Problem:
I am using Micheal Nielsen's python 2.7 code to learn machine learning
(his github) and I am trying to transfer his file network.py
and mnist_loader.py
from python 2.7 to python 3.7.
Basically, All I did was just change xrange
to range
, making zip(...)
return a list in the file mnist_loader.py
and putting parentheses to print
function.
And then, I run the following script for python 3.7.3:
import os
cwd = "/home/mhyip/Dropbox/Play/MachineLearning/py37/src"
os.chdir(cwd)
import mnist_loader
import network
import time
start = time.time()
training_data , validation_data , test_data = mnist_loader.load_data_wrapper ()

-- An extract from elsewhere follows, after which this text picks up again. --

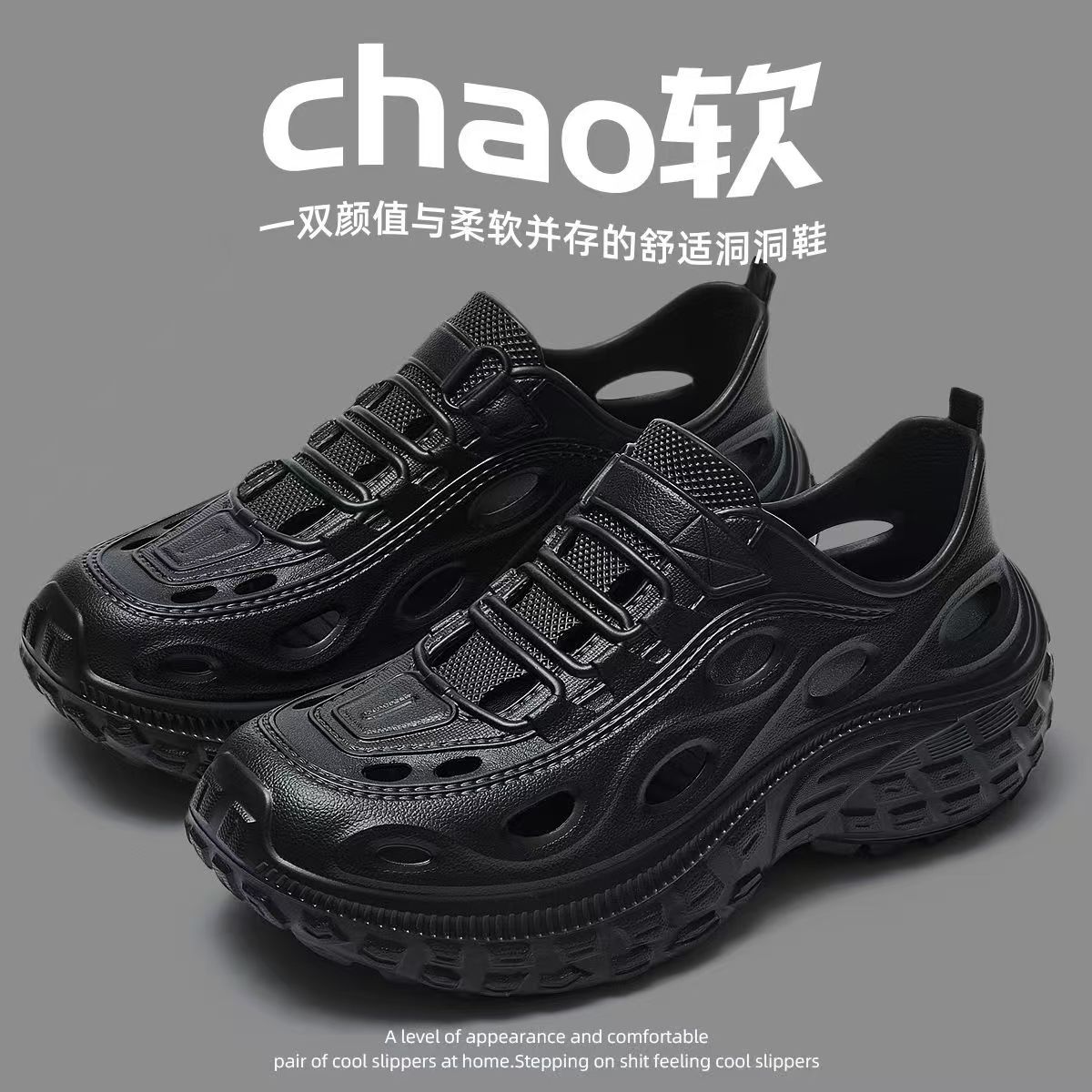 Летние шины, нескользящие пляжные тапочки в стиле Crocs на платформе, дышащие женские тапочки, подходят для носки на улице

net = network.Network ([784 , 30, 10])
# Initial the test.
net.SGD( training_data , 3, 10, 3.0 , test_data = test_data )
end = time.time()
print("Time elapsed: ", end-start)
It took at least three times more time as the authors python2.7 code. When I was using python2.7 to run the authors code. It took just 13 seconds and only 4 CPUs to finish. It gives the correct result and the PC is not slow at all.

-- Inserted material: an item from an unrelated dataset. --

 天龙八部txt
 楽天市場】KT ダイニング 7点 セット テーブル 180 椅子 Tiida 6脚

However, when I ran my small modified code for python3.7. It works, but it took 8 CPUs and 51 seconds to finish. It does give me the correct result but it is much slower than python2.7 and become very slow while it running.
I am wondering why. I suspect the numpy
function np.dot
is all the resource. But why it is slower?
Background:
OS: Ubuntu 18.04.2 LTS x86_64
Kernel: 4.18.0-25-generic
For Python 3.7.3:
numpy: 1.16.4
scikit-learn: 0.21.2
scipy: 1.3.0
For Python 2.7.16
numpy: 1.16.2
scikit-learn: 0.20.3
scipy: 1.2.1
I use conda as the package manager.
Code
I want to post the code of these two files network.py
and mnist_loader.py
modified for python 3.7, but I am not so sure that I have the right to do so. His code is MIT-license on GitHub. Let me know if I can do so. I will do it immediately.
Expected result
I want python3.7 run as fast as python2.7 for Machine Learning in my case.

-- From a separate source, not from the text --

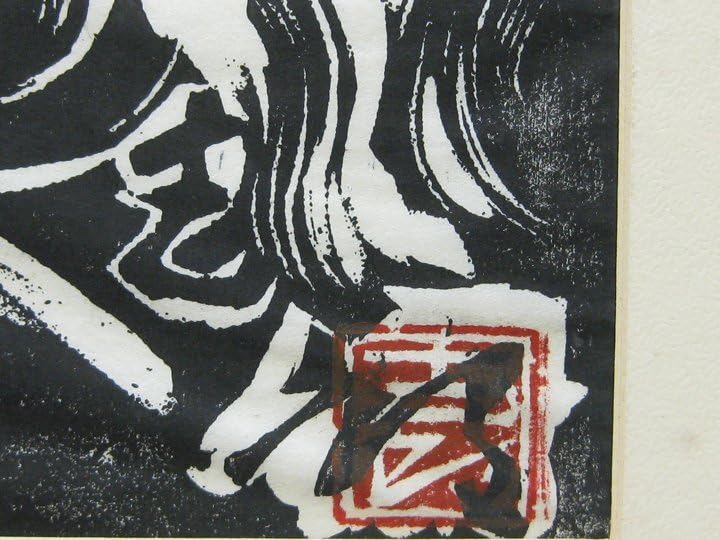 Amazon.co.jp: 心庵額装 辻志郎「達磨大師」 版画 紙箱 富山県 真作 師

Thank you and you are awesome.
Update 1:
It turns out on his git, there is a code for python3. However, it suffers the same issue as I have modified the code from the original. I did the cprofile
in both cases. I have show the result in the following figure. The left side is python 3.7 and the right side is python 2.7. It seems like numpy.dot work much better in python 2.7 than python 3.7. Is this true? If it is true, I am very curious why.
If you want to try it by you self. you can go to his github. It has both py3.x and py2.7.
Update 2:
I did one of the commenter's suggestion. I used lld
to check what library the numpy using in python 2.7 and python 3.7. And there is the result. The left one is python 2.7 and the right on is python 3.7. It seems like numpy in python 2.7 use mkl, and numpy in python 3.7 use openblas. Is there any way I can get python 3.7 runs as fast in python 3.7?